(PROVIDED DATA Opens)

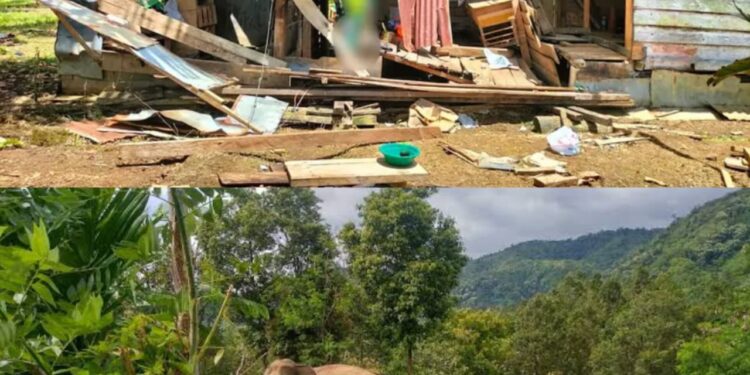 Penyebab Gajah Liar Masuk Ke Permukiman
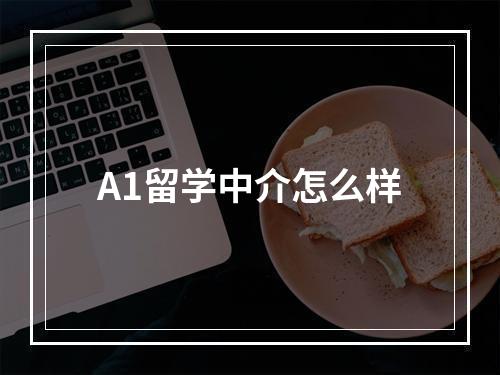 A1留学中介怎么样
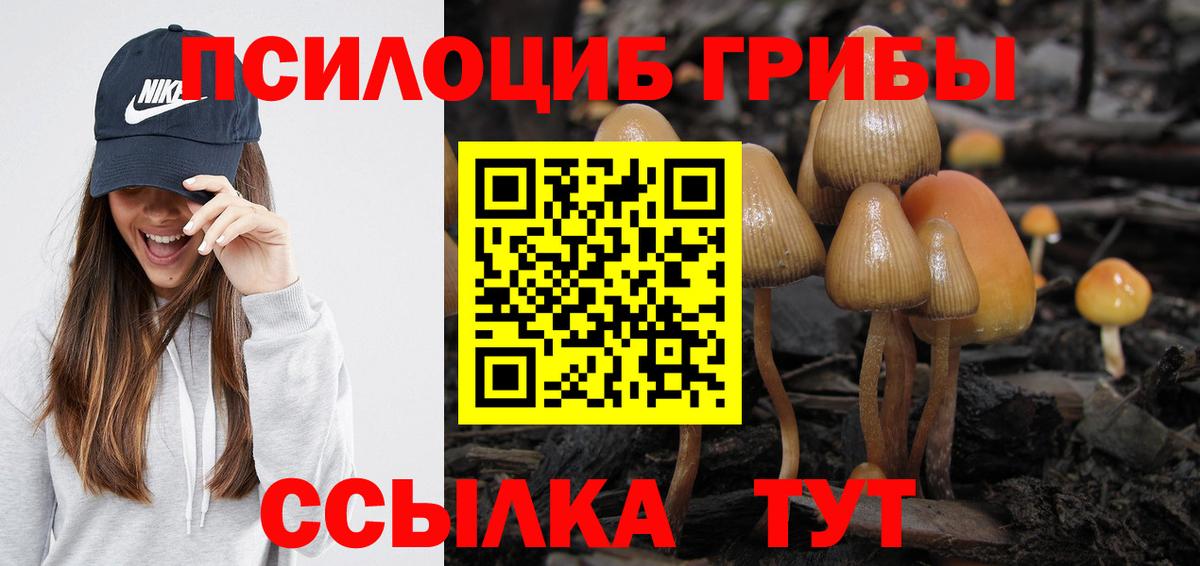 Жуковский  Галлюциногенные грибы MAGIC MUSHROOMS  Вход с VPN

(PROVIDED DATA Closes)

Drop the images; restate the listing exactly.

**EXERCISE OUTPUT:**
 Penyebab Gajah Liar Masuk Ke Permukiman
 A1留学中介怎么样
 Жуковский  Галлюциногенные грибы MAGIC MUSHROOMS  Вход с VPN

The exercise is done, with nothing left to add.